Section 31-1-73. Action by shareholders, members or directors without a meeting. … (c) If the articles of incorporation or the bylaws so provide, one or more directors or shareholders may participate in a meeting of the board, a committee of the board or of the shareholders by means of conference telephone or similar electronic communications equipment by means of which all persons participating in the meeting can hear each other. Whenever a vote of the shareholders or directors is required or permitted in connection with any corporate action this vote may be taken orally during this electronic conference. The agreement thus reached shall have like effect and validity as though the action were duly taken by the action of the shareholders or directors at a meeting of shareholders or directors if the agreement is reduced to writing and approved by the shareholders or directors at the next regular meeting of the shareholders or directors after the conference.
(a) Unless the articles of incorporation provide otherwise, the board of directors of a corporation may adopt bylaws to be effective only in an emergency defined in subsection (d) of this section. The emergency bylaws, which are subject to amendment or repeal by the members, may make all provisions necessary for managing the corporation during the emergency, including:
(1) Procedures for calling a meeting of the board of directors;
(2) Quorum requirements for the meeting; and
(3) Designation of additional or substitute directors.

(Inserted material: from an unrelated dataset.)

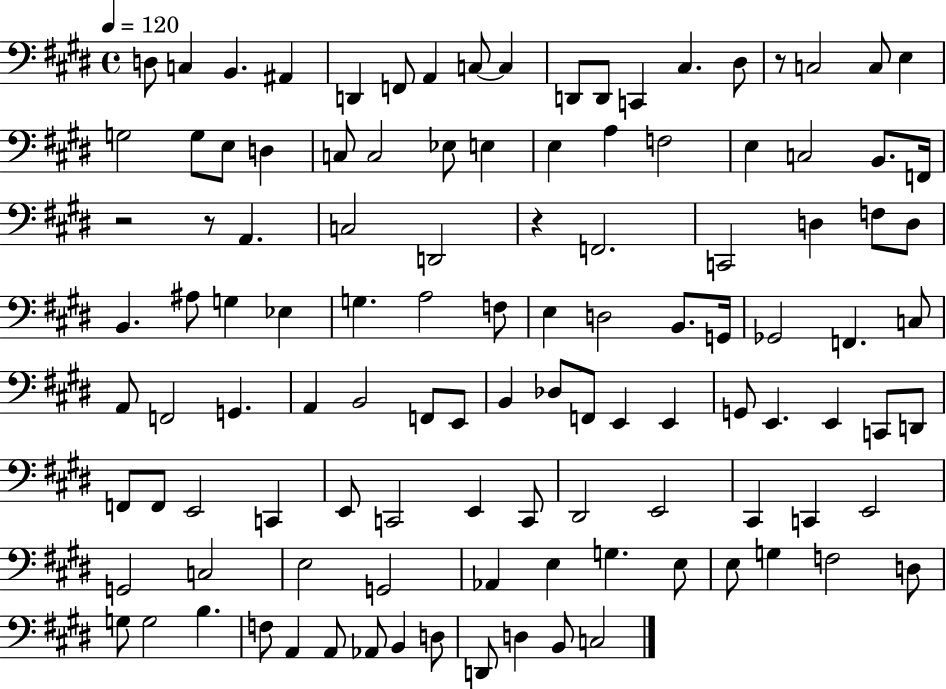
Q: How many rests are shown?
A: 4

(b) All provisions of the regular bylaws consistent with the emergency bylaws remain effective during the emergency. The emergency bylaws are not effective after the emergency ends.
(c) Corporate action taken in good faith in accordance with the emergency bylaws:
(1) Binds the corporation; and
(2) May not be used to impose liability on a corporate director, officer, employee, or agent.

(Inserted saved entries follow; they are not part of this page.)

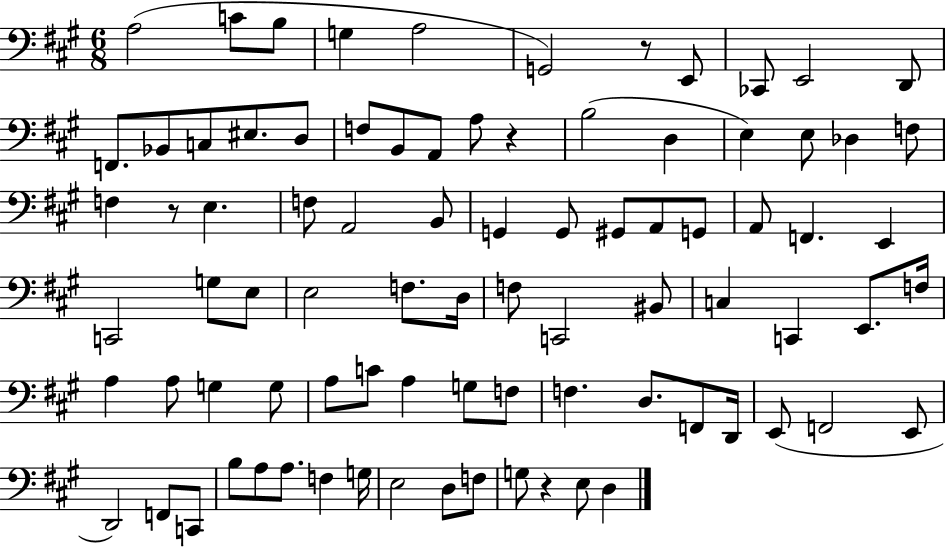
{
  \clef bass
  \numericTimeSignature
  \time 6/8
  \key a \major
  \repeat volta 2 { a2( c'8 b8 | g4 a2 | g,2) r8 e,8 | ces,8 e,2 d,8 | \break f,8. bes,8 c8 eis8. d8 | f8 b,8 a,8 a8 r4 | b2( d4 | e4) e8 des4 f8 | \break f4 r8 e4. | f8 a,2 b,8 | g,4 g,8 gis,8 a,8 g,8 | a,8 f,4. e,4 | \break c,2 g8 e8 | e2 f8. d16 | f8 c,2 bis,8 | c4 c,4 e,8. f16 | \break a4 a8 g4 g8 | a8 c'8 a4 g8 f8 | f4. d8. f,8 d,16 | e,8( f,2 e,8 | \break d,2) f,8 c,8 | b8 a8 a8. f4 g16 | e2 d8 f8 | g8 r4 e8 d4 | \break } \bar "|."
}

(d) An emergency exists for purposes of this section if a quorum of the corporation's directors cannot readily be assembled because of some catastrophic event.
(a) In anticipation of or during an emergency defined in subsection (d) of this section, the board of directors of a corporation may:
(1) Modify lines of succession to accommodate the incapacity of any director, officer, employee, or agent; and
(2) Relocate the principal office, designate alternative principal offices or regional offices, or authorize the officers to do so.
(b) During an emergency defined in subsection (d) of this section, unless emergency bylaws provide otherwise:
(1) Notice of a meeting of the board of directors need be given only to those directors whom it is practicable to reach and may be given in any practicable manner, including by publication and radio; and
(2) One or more officers of the corporation present at a meeting of the board of directors may be deemed to be directors for the meeting, in order of rank and within the same rank in order of seniority, as necessary to achieve a quorum.
(c) Corporate action taken in good faith during an emergency under this section to further the ordinary affairs of the corporation:
(1) Binds the corporation; and
(2) May not be used to impose liability on a corporate director, officer, employee, or agent.
(d) An emergency exists for purposes of this section if a quorum of the corporation's directors cannot readily be assembled because of some catastrophic event.